Norton & Locke (2013) 284 FLR 51
PT Garuda Indonesia Ltd v Australian Competition and Consumer Commission (2012) 247 CLR 240
Public Service Association of South Australia Incorporated v Industrial Relations Commission of South Australia and Anor (2012) 249 CLR 398
R v Ross-Jones; Ex Parte Green (1984) 156 CLR 185
Rana v Google Inc [2017] FCAFC 156
Unilan Holdings Pty Ltd v Kerin (1993) 44 FCR 481
Vietnam Veterans’ Affairs Association of Australia New South Wales Branch Inc v Cohen (1996) 70 FCR 419
Yunghanns v Yunghanns (1999) FLC 92-836
APPLICANT: Ms Bloomfield
1st RESPONDENT: Mr Grainger
2nd RESPONDENT: The Bankrupt Estate of Ms Grainger
FILE NUMBER: BRC 89 of 2014
DATE DELIVERED: 31 January 2018
PLACE DELIVERED: Brisbane
PLACE HEARD: Brisbane
JUDGMENT OF: Hogan J
HEARING DATE: 12 December 2017 and by receipt of submissions filed by the Applicant on 21 December 2017 and the First Respondent on 9 January 2018

REPRESENTATION

COUNSEL FOR THE APPLICANT: Mr Jones
SOLICITOR FOR THE APPLICANT: Tucker & Cowen Solicitors
COUNSEL FOR THE 1ST RESPONDENT: Mr Looney QC
SOLICITOR FOR THE 1ST RESPONDENT: Morgan Conley Solicitors
COUNSEL FOR THE 2ND RESPONDENT: No Appearance
SOLICITOR FOR THE 2ND RESPONDENT: No Appearance

Orders

IT IS ORDERED THAT

  1. The Applicant’s application for leave to amend the Initiating Application filed 7 January 2014 is dismissed.

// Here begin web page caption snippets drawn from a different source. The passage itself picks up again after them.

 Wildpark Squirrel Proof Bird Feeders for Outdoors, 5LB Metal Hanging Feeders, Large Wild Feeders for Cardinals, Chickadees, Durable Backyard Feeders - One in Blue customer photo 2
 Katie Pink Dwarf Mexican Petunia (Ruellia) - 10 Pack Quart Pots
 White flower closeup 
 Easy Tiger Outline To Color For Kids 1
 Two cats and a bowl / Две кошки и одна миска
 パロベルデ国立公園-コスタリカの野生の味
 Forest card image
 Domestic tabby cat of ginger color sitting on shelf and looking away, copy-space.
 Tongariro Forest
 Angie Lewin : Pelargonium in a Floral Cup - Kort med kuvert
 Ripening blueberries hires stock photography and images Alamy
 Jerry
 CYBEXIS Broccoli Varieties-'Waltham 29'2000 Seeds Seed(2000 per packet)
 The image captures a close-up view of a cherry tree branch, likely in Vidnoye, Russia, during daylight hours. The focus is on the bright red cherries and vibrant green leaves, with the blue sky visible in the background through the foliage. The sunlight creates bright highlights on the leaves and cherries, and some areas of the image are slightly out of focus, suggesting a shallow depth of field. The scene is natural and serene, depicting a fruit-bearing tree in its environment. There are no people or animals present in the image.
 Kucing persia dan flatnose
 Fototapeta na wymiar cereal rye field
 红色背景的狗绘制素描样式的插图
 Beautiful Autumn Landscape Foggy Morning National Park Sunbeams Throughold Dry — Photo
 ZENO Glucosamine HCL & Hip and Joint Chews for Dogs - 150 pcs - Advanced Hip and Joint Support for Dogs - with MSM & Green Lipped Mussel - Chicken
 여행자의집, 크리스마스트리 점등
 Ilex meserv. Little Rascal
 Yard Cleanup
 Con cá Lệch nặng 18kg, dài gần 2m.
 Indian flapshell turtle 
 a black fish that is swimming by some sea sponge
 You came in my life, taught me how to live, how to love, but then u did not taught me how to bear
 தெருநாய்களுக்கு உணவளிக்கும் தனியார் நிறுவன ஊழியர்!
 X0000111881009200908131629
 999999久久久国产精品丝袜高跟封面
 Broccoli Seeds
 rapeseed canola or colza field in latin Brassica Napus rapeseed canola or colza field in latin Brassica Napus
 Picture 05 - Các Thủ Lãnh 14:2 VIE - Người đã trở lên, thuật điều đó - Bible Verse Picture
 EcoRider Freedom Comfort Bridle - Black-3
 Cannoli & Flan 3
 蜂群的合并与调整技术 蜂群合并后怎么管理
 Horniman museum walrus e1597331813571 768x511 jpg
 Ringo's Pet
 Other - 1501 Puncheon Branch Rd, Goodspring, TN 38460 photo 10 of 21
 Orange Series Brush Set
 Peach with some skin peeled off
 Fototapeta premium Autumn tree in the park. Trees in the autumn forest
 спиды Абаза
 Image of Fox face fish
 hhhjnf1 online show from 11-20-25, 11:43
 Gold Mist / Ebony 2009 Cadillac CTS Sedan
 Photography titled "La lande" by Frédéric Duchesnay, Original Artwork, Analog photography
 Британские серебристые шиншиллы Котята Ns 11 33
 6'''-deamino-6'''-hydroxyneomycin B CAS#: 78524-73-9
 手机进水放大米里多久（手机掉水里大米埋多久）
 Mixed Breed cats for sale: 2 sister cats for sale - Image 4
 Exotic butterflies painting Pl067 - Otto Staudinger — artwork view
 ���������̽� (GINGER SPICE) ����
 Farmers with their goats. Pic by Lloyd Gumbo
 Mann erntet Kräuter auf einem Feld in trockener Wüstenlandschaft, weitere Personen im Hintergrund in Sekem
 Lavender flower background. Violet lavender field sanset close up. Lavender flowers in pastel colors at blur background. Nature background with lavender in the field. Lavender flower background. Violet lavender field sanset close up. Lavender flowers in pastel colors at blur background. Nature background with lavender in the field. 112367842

  2. The Initiating Application filed 7 January 2014 is dismissed for want of jurisdiction.

  3. In the event that a party seeks an order that another party pay the costs of and incidental to the Initiating Application filed 7 January 2014:

    (a)any further affidavit material to be relied upon shall be filed and served within fourteen (14) days of today;  and

    (b)the party seeking an order for costs shall file and serve brief written submissions in support of such application for costs within fourteen (14) days of today; and

    (c)the party from whom costs are sought shall file and serve any brief written submissions in answer to the submissions filed and served by the party seeking costs within a further fourteen (14) days thereafter;  and

    (d)the party seeking costs shall file and serve any brief further written submissions, strictly in reply to the submissions served by the party from whom costs are sought, within seven (7) days of its service,

    and any such application for costs shall be determined in Chambers.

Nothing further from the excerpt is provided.